For a wire dipole, you will have to
make a balanced version of this (can't
just put a balun in front of an unbalanced
bridge). I once built a balanced impedance
bridge for measuring 450 ohm open wire line.
If you just want to measure velocity, it
would be a lot simple to do it with a wire
vertical, even if the final application is
Rick Karlquist N6RK
> -----Original Message-----
> From: email@example.com
> [mailto:firstname.lastname@example.org]On Behalf Of
> Sent: Monday, July 08, 2002 5:53 AM
> To: email@example.com
> Subject: [Towertalk] EXACT resonant freq of a dipole --> AEA CIA HF
> Hello everybody,
> I want to EXACTLY measure the resonant frequency of a wire dipole.
> That means I cannot use a simple SWR bridge, because
> normally the resonance
> curve is so broad that I can only determine the resonant
> frequency with an
> accuracy of +/- 100kHz, based on cross-needle readings.

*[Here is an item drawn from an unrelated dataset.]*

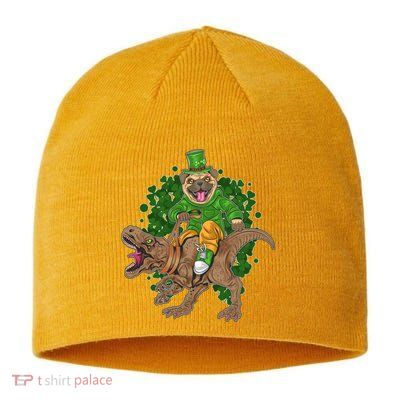 Funny St Patrick Pug On T-Rex Sustainable Beanie
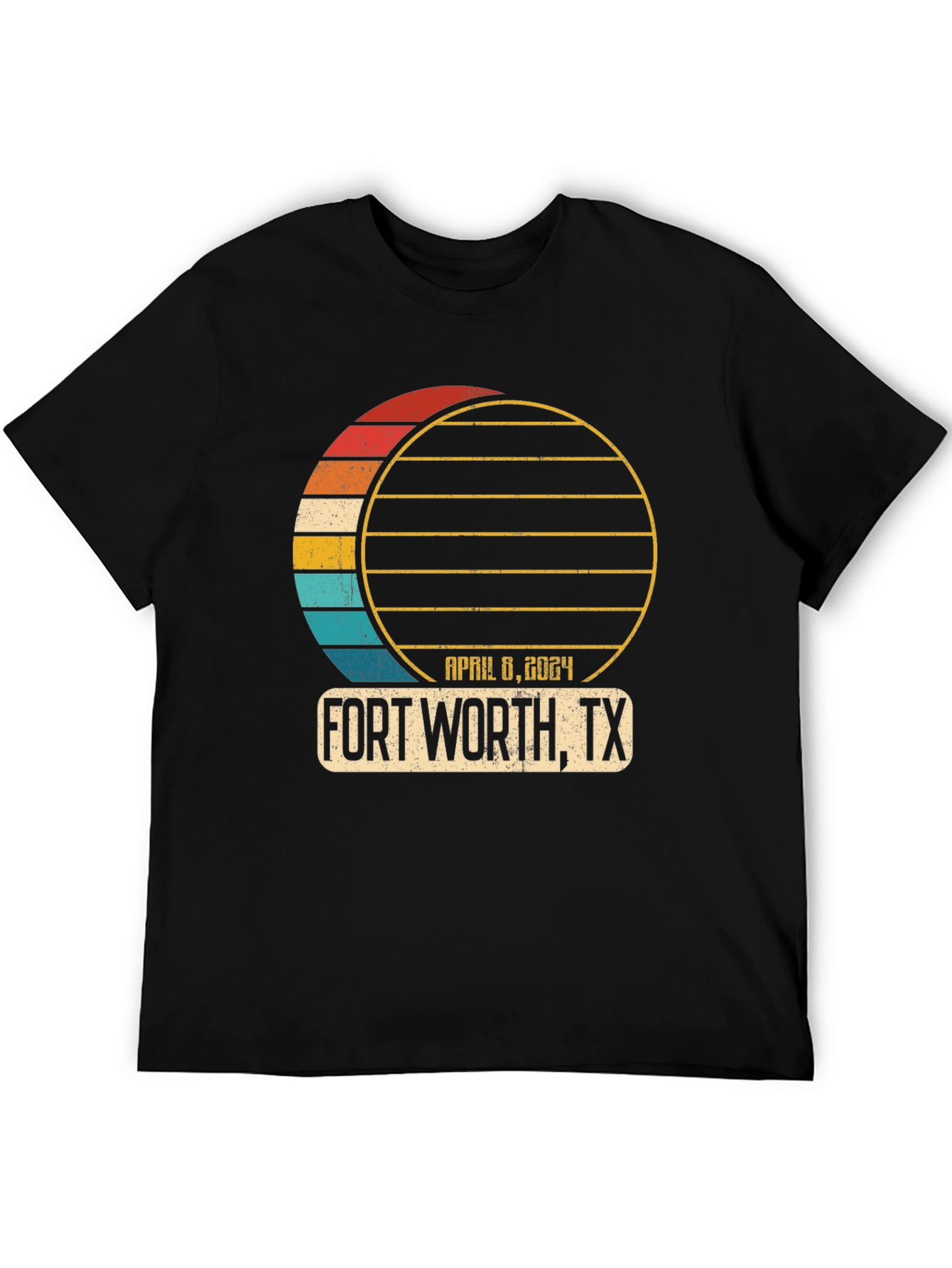 Black Fort Worth, TX April 8, 2024 Eclipse T-Shirt view 5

> I would like to determine the resonant frequency with an
> accuracy of +/-
> 10kHz, or at least with a much better accuracy than with
> the SWR bridge.
> Before I buy one, can you please advise whether I will be
> able to do this
> with an AEA CIA HF analyzer?
> It sure looks good on the manufacturers specifications. I
> had an Autek RF-1
> analyst before and I was quite dissapointed with its accuracy.
> What else do you use for tasks like this?
> Should I get the CIA or the VIA model?
> (Why do I want to measure so exactly? I want to determine
> the velocity
> factor of the wire used. The velocity factor is introduced by the
> insulation covering the wire.
> Therefore the wire elements are always a bit too long when
> cutting them to
> the dimensions taken from a computer simulation.
> This is not a problem with dipoles but with wire yagis and
> quads, where the
> parasitic elements must have exactly the proper resonant frequency.)